Optimal design of a data-driven inspection scheme with a decision support system for improving lot acceptance determination and supplier compliance
摘要
Acceptance sampling systems have attracted increasing attention in recent years because they allow decision rules to be dynamically adjusted based on historical inspection results, thereby enhancing the efficiency of sampling inspection. Among acceptance sampling systems, the two-plan sampling system (TSS) exhibits greater flexibility, allowing for specifying the number of previous lot quality records to be considered. The term “two-plan” denotes the existence of two decision rules: tightened and normal inspections. However, existing TSS methods are limited in that they can only adjust one parameter within either the tightened or normal inspection regime, i.e., the sample size or the acceptance criterion. In this paper, we propose a novel method that enables simultaneous adjustment of both the sample size and acceptance criterion in both the tightened and normal inspection stages of TSS. This method, referred to as the generalized two-plan sampling system (GTSS), is designed to incorporate both existing TSS frameworks.
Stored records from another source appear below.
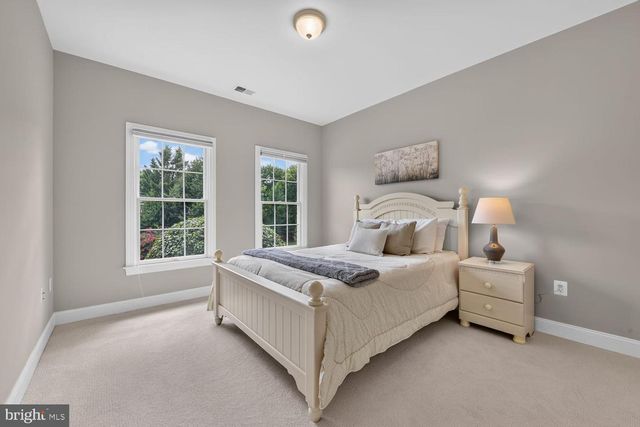 8263 TRAILWOOD CT, Vienna, VA 22182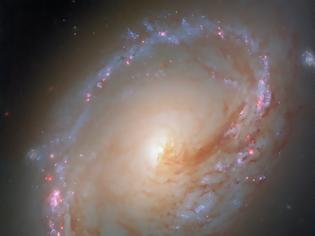 Φωτογραφία για Ο ασύμμετρος γαλαξίας Μ 96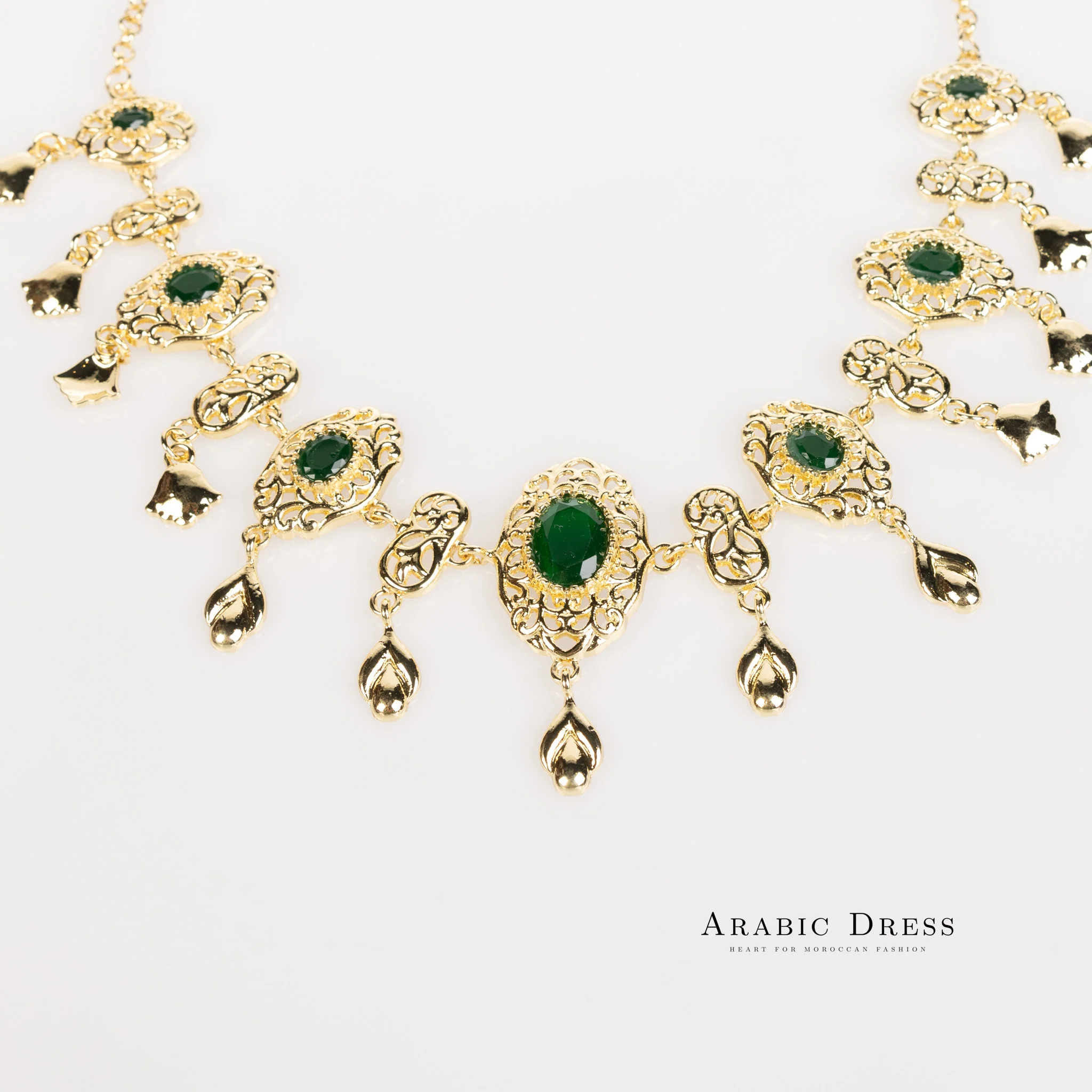 Darkgreen Sunwoo Necklace - Image 2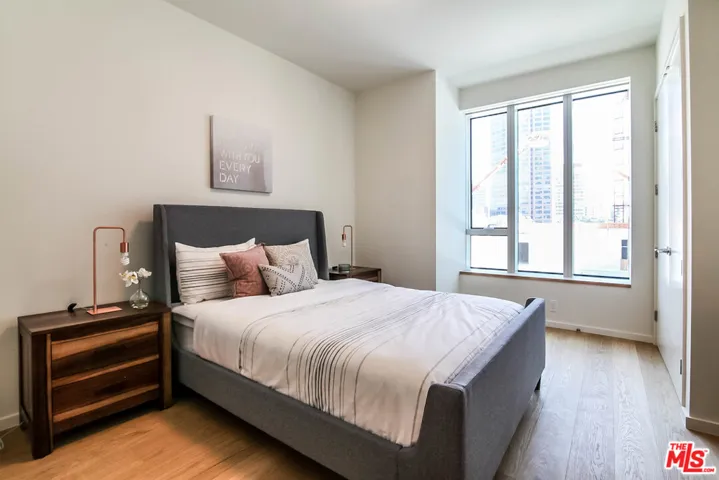 889 Francisco Street 911, Los Angeles, California 90017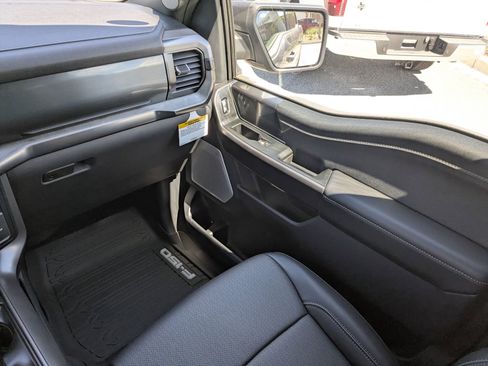 New 2025 Ford F150 Lariat w/ Equipment Group 502A High image 18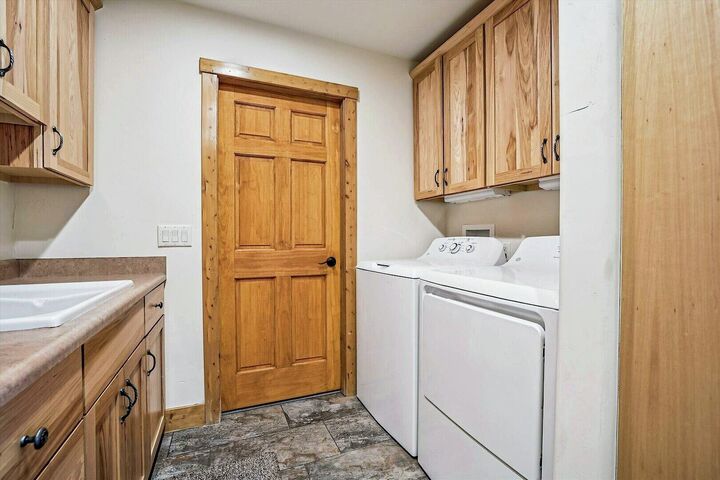 4 Bdrm 4.5 Bath HT - Laundry Room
Comparative analysis with existing methods demonstrates that the proposed GTSS further improves the efficiency of sampling inspection, including enhanced cost-effectiveness and increased discriminatory power in assessing lot quality. Moreover, we developed a cloud-based decision support system for the proposed method to assist practitioners in implementing it more effectively in industrial applications. Finally, we illustrate the practical applicability of the proposed method through a real-world case study.